— TASK TO COMPLETE —
Your task is to transcribe exactly, and only, the lines running from the one with "Ladue Court Villas - Residential" to the end of the listing below, inclusive, with every picture left out.

— SUPPLIED INFORMATION —
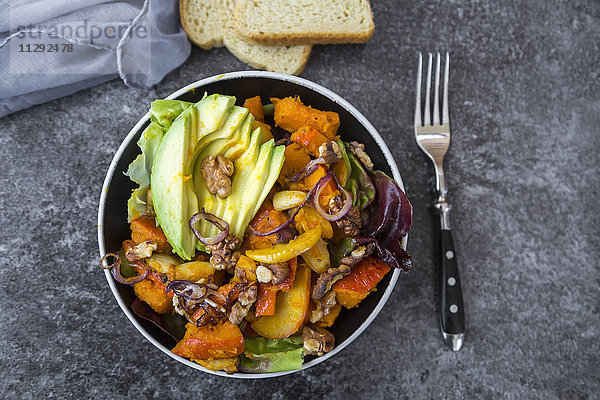 Herbstlicher Salat aus Kürbis  Champignons  Avocado  Walnüssen und Zwiebeln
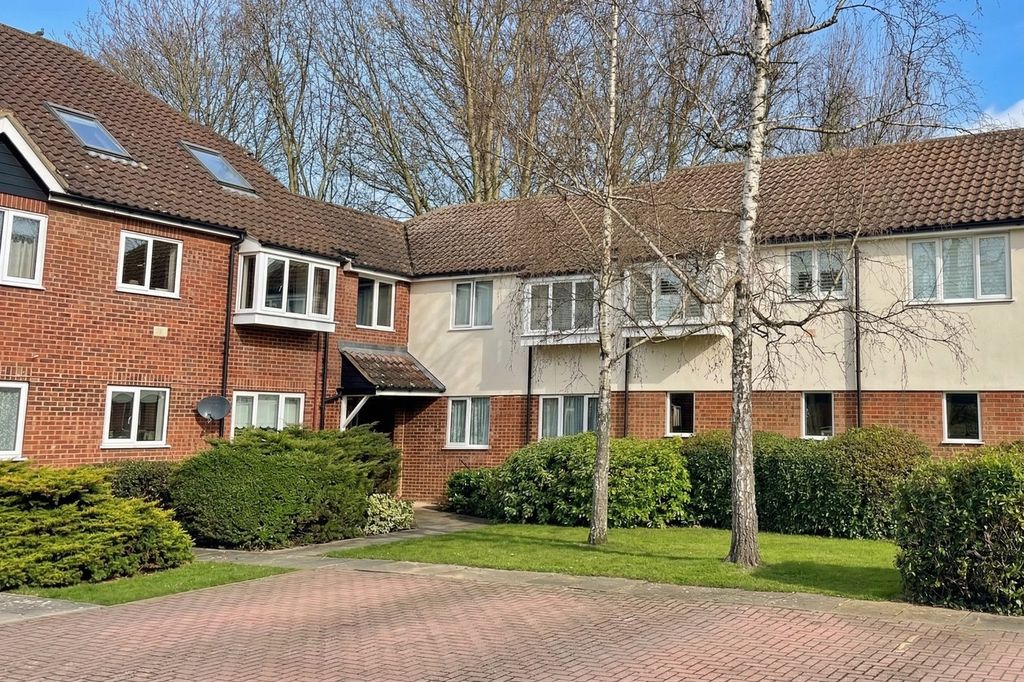 Property photo 1 of 9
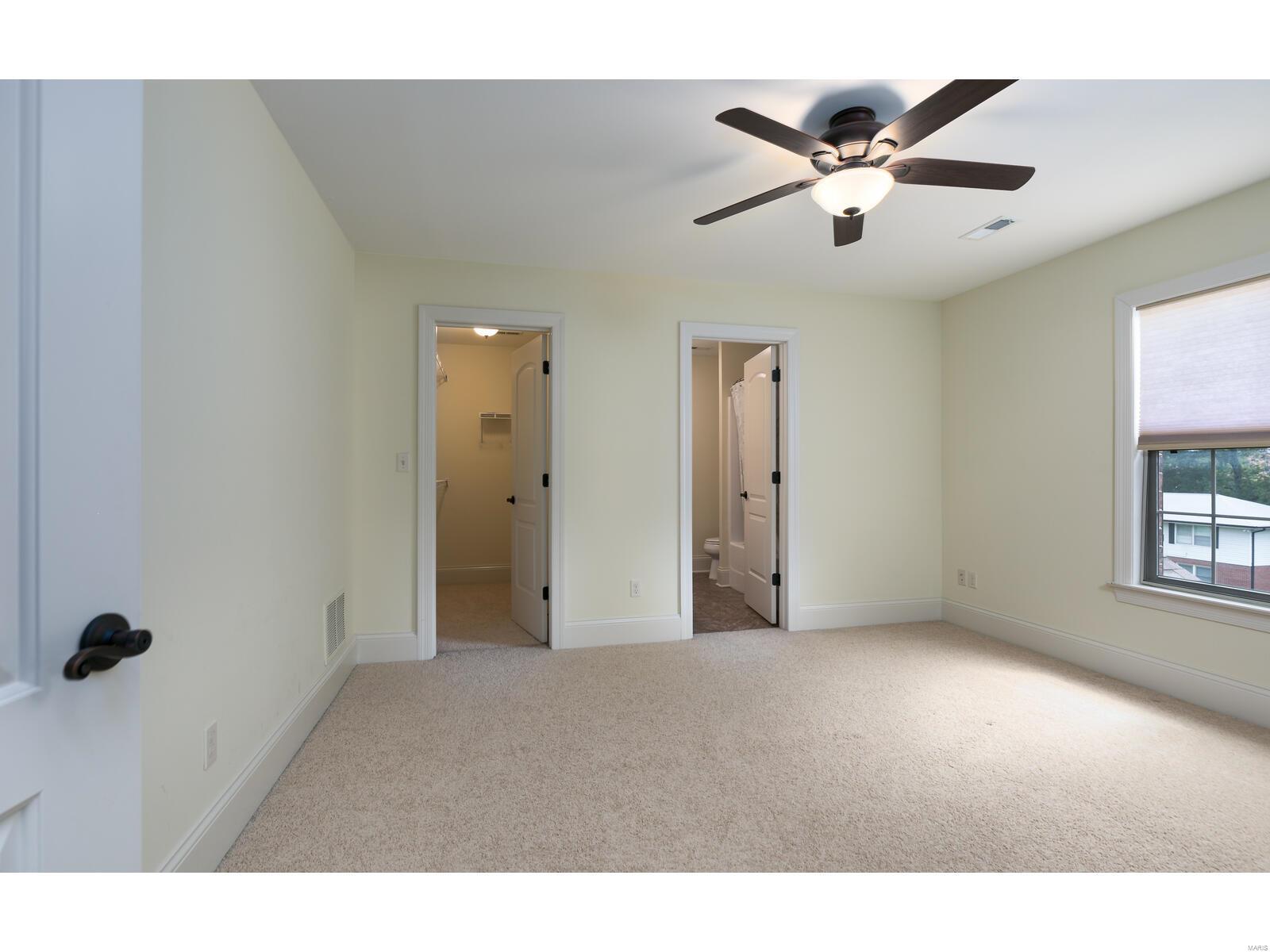 Ladue Court Villas - Residential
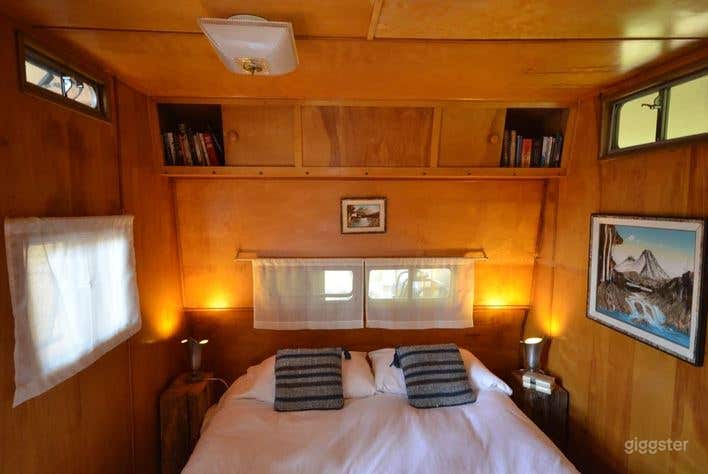 Modern Beam Structured Cabin Photo 4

— RESPONSE TO THE EXERCISE —
 Ladue Court Villas - Residential
 Modern Beam Structured Cabin Photo 4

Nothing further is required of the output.